SKF NOTE: Thinking the last few days about my boring first drum teacher. A nearby music store employee, I don’t remember his name, but he and I were sitting in a closet size room with a drum pad. “You need to buy this drum rudiment book. Here’s how to hold the drumsticks. Let’s start with the single stroke roll.” TapTapTapTap.
How disappointing. I was thinking, “I want to play drums, not drum pad. I was anticipating sitting at a drumset, not a square of hard rubber.” The teacher was bored and uninspiring. Okay, I was a 14-year old at his first drum lesson. Maybe I was that teacher’s tenth first drum lesson student that day. I understand. Everybody has bad days.
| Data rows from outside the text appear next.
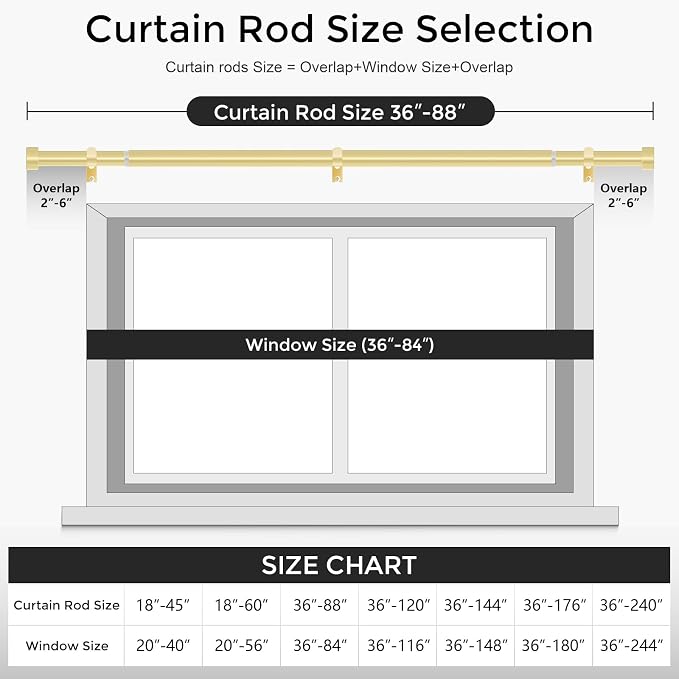 VOIIY Gold Curtain Rods for Windows, Size:36-88 Inch - Image 5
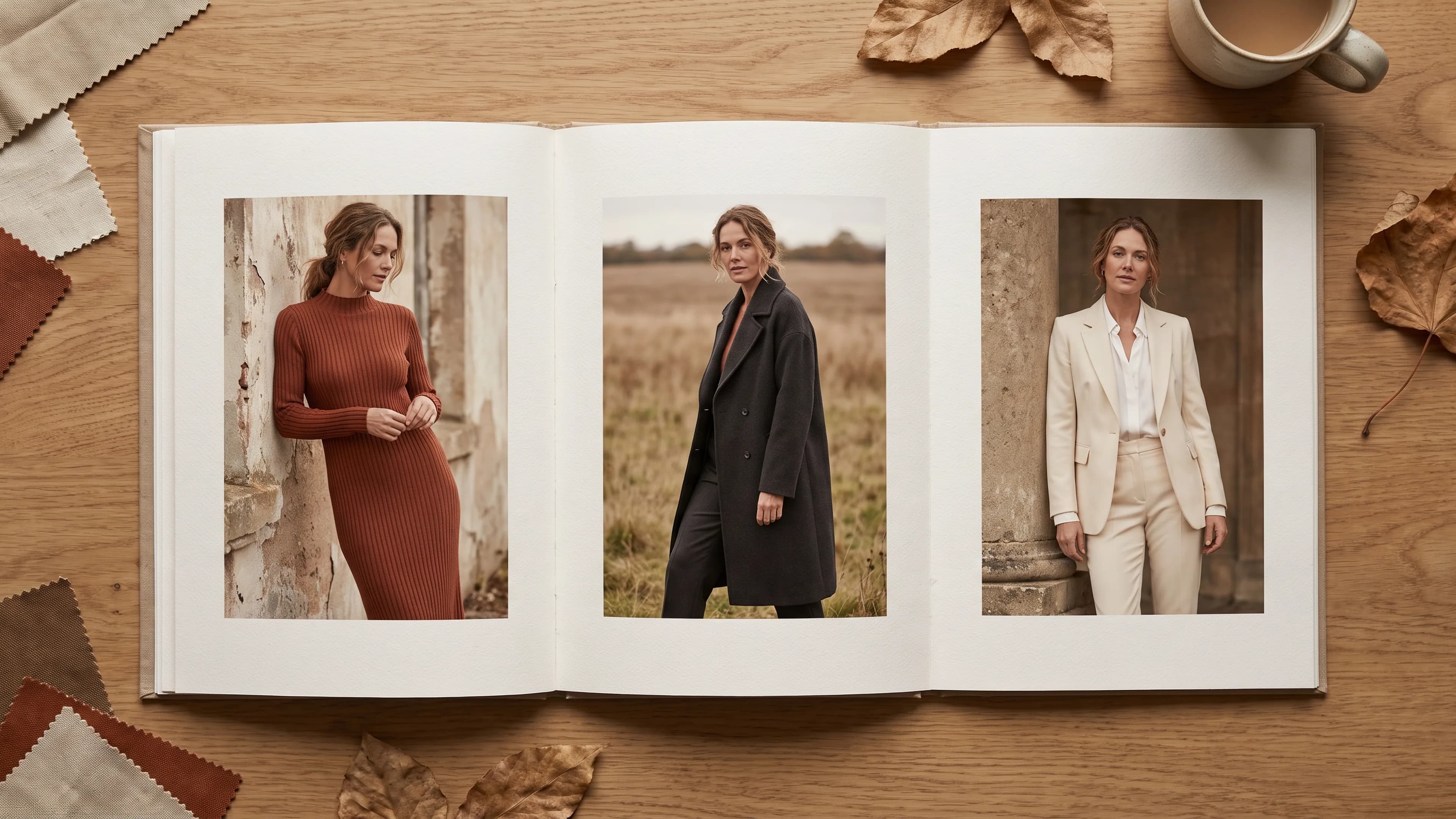 Open printed lookbook on a wooden table showing one adult model in three autumn looks: a rust knit dress, a charcoal coat and a cream suit.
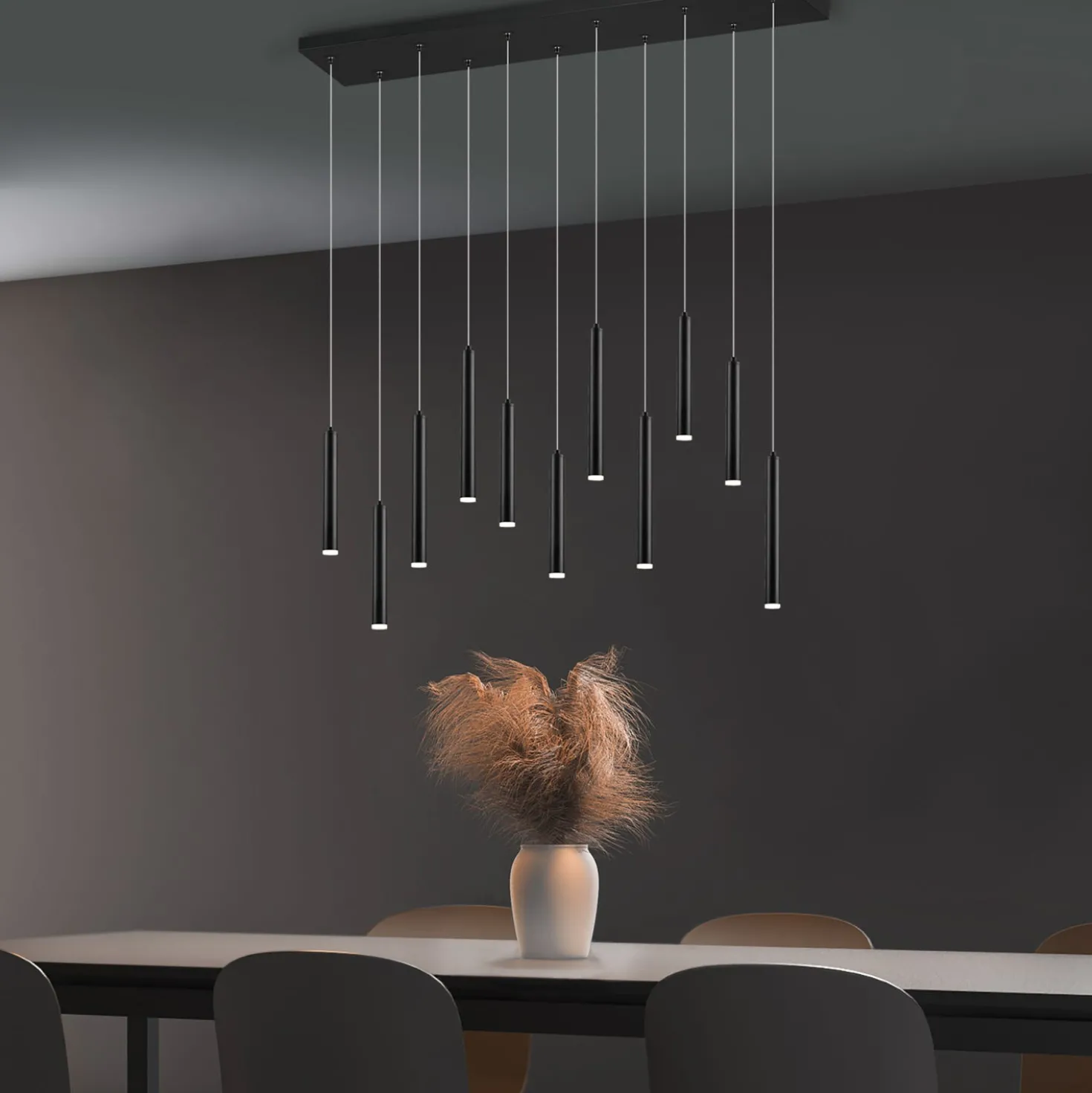 Lampada a sospensione 11 luci nera Tubular Trio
The real lesson for me that first day — which I realized only years later when I was teaching drums, or writing about drummers and drumming — is this: Bad days notwithstanding, when drummers are in any kind of teacher/student relationship, we should give the student something positive to remember about drumming.
I started to say, drummers in teacher/student relationships are obligated to give the student something positive to remember about drumming. That’s true for me. I don’t know if it’s true for all drummers.
Some of my greatest drum teachers were neither drummers, teachers, nor even musicians. But I found inspiration in at least one part of how they went about their life’s work. Something as simple as watching furniture designer, Jim Brown, penciling cut lines on a piece of oak destined to be a beautiful dining room table.
Jim’s career is designing and building wood furniture. He’s done this thousands of times, but with each pencil line Jim repeats one of his favorite reminders: “Measure twice. Cut once.”
Jim learned that, he tells me, from “an old carpenter.”